=== Records provided ===
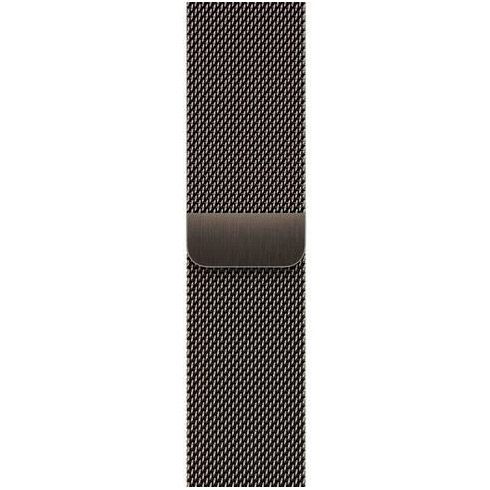 Смарт-часы Apple Watch Series 7 GPS + LTE 45mm Graphite Stainless Steel with Graphite Milanese Loop (MKJJ3) [62626] 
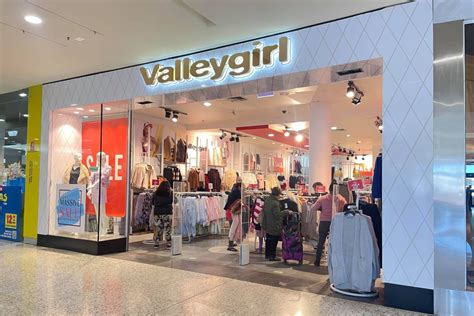 Valleygirl Location at Westfield Hurstville .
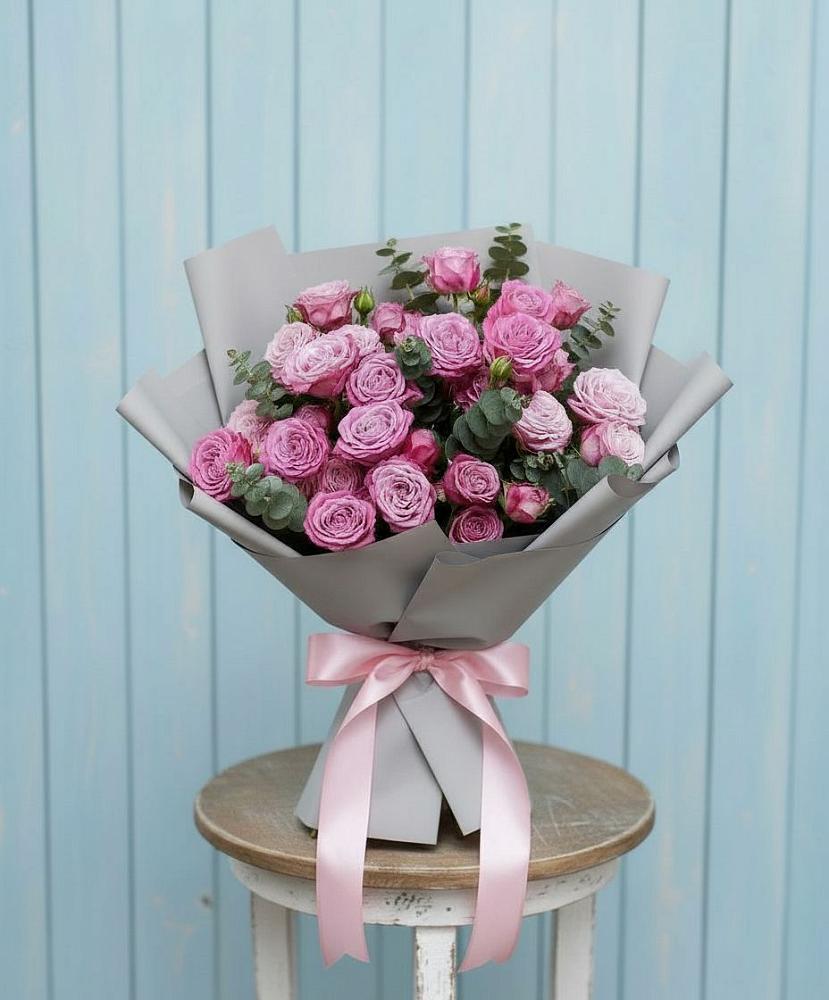 Букет цветов из: Розы в Канглах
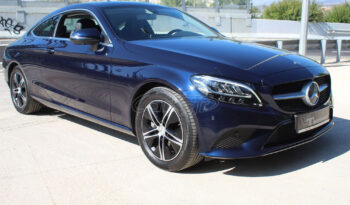 MERCEDES C 200 COUPE 1.5 198HP HYBRID ΔΕΡΜΑ NAVI AYTOMATO  CAMERA full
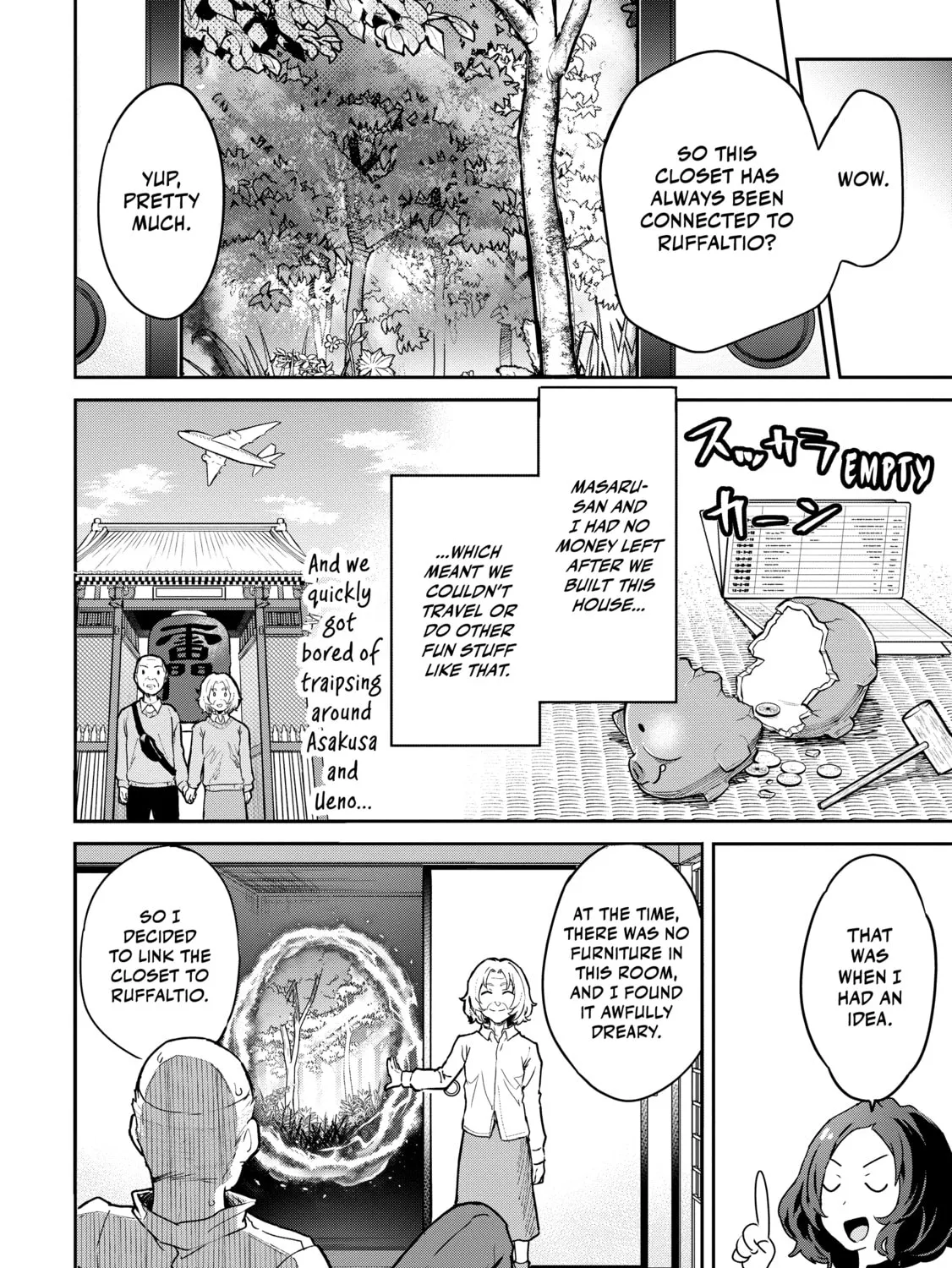 Peddler in Another World: I Can Go Back to My World Whenever I Want (Manga) Chapter 38 page 15 - 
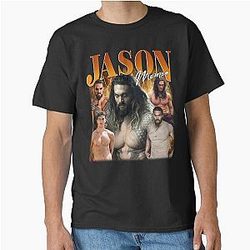 Jason Momoa Icon of Strength Charisma Classic T-Shirt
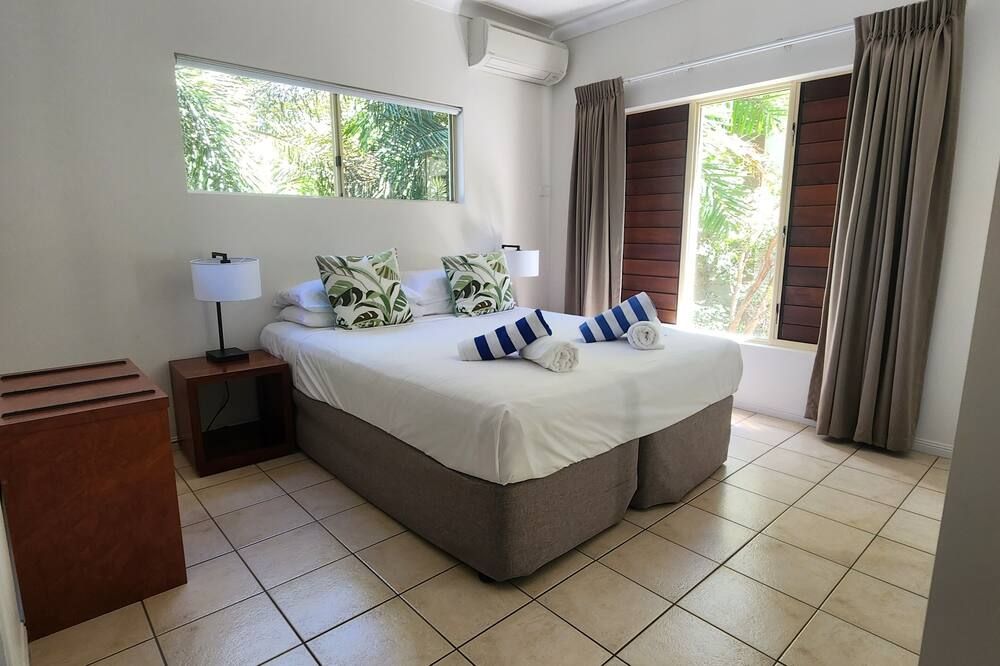 سنترال بلازا بورت دوجلاس أبارتمنتس - بورت دوغلاس - غرفة نوم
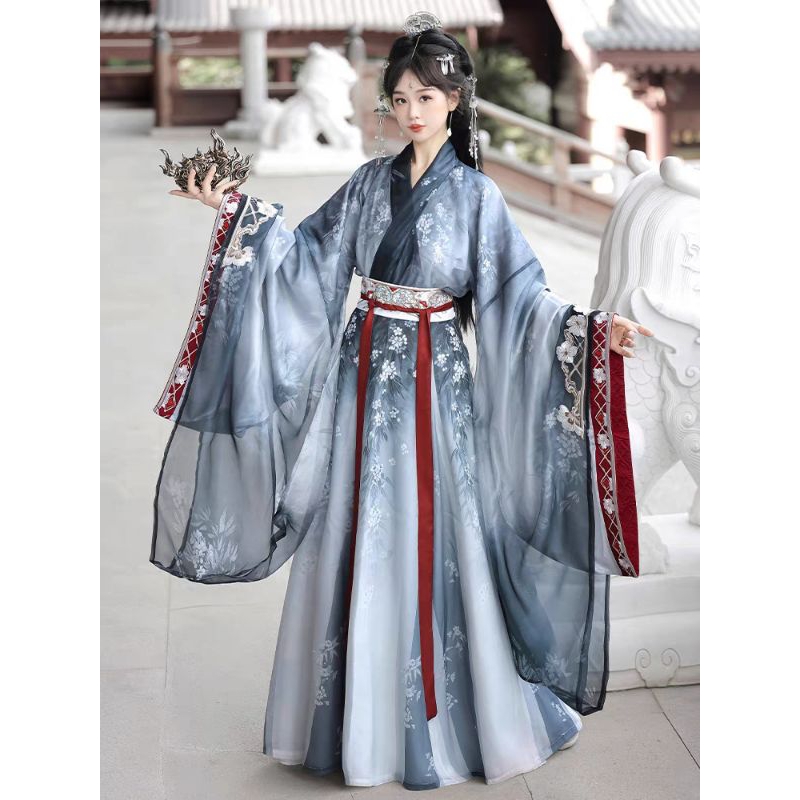 Hanfu Original Chinese Tradisional Hanfu Baru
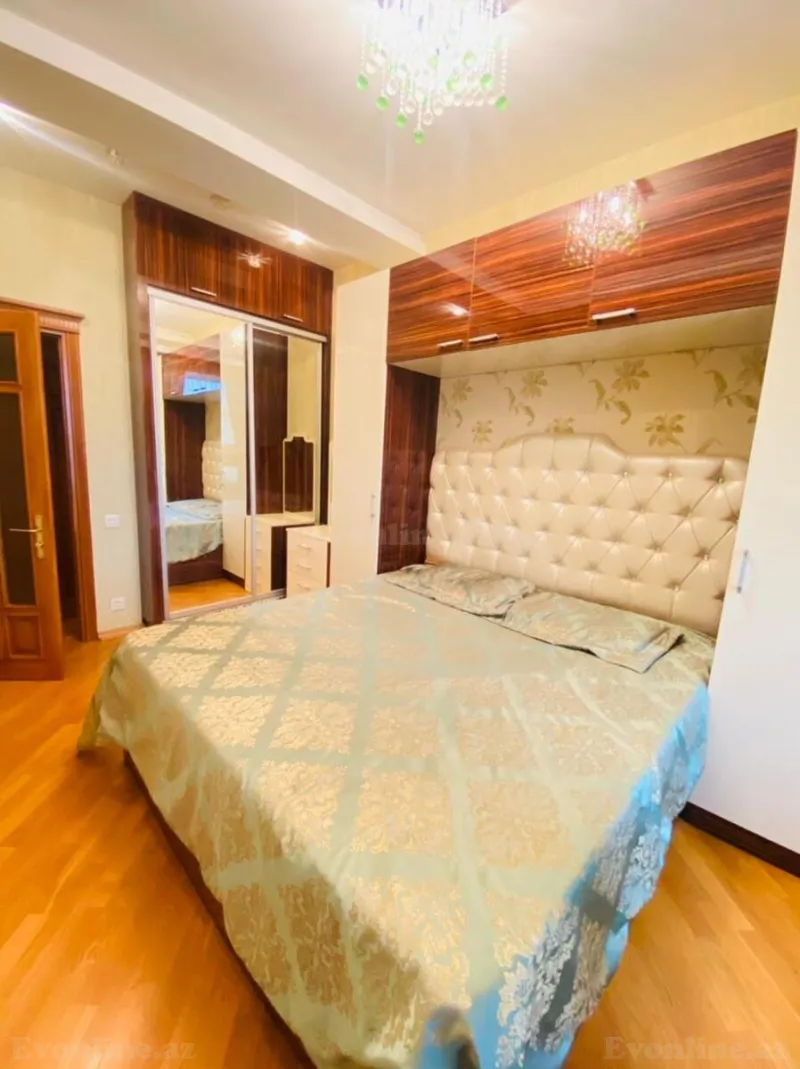 Kirayə verilir 2 otaqlı Mənzil Yeni tikili 70 m² 8 Noyabr m. - şəkil 8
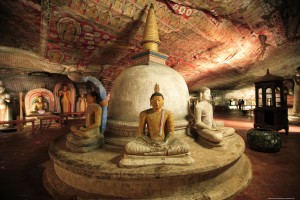 Dambulla-Cave-Temple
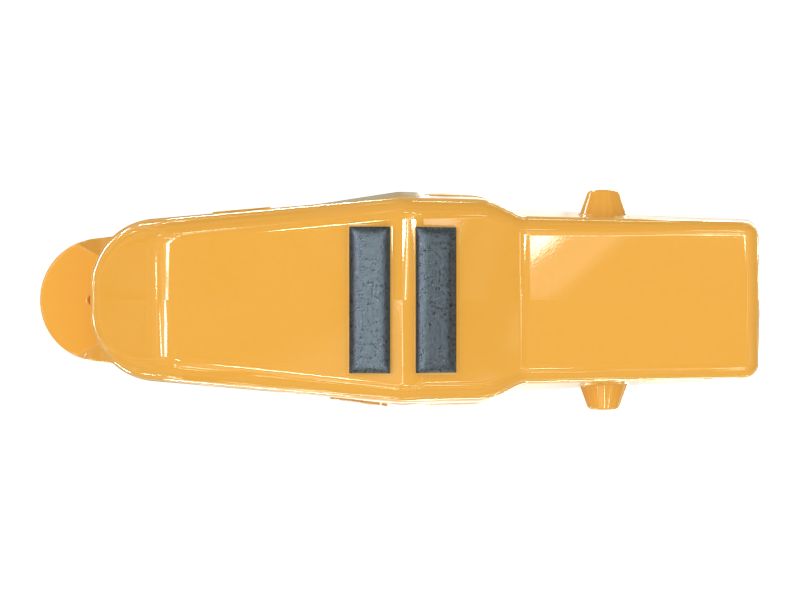 Центральный износостойкий переходник (2-стороннее крепление)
===
- Work instruction:
Starting at the first line of the records above, set down each line exactly through the one that holds "Букет цветов из: Розы в Канглах". Omit pictures.

- Solution:
 Смарт-часы Apple Watch Series 7 GPS + LTE 45mm Graphite Stainless Steel with Graphite Milanese Loop (MKJJ3) [62626] 
 Valleygirl Location at Westfield Hurstville .
 Букет цветов из: Розы в Канглах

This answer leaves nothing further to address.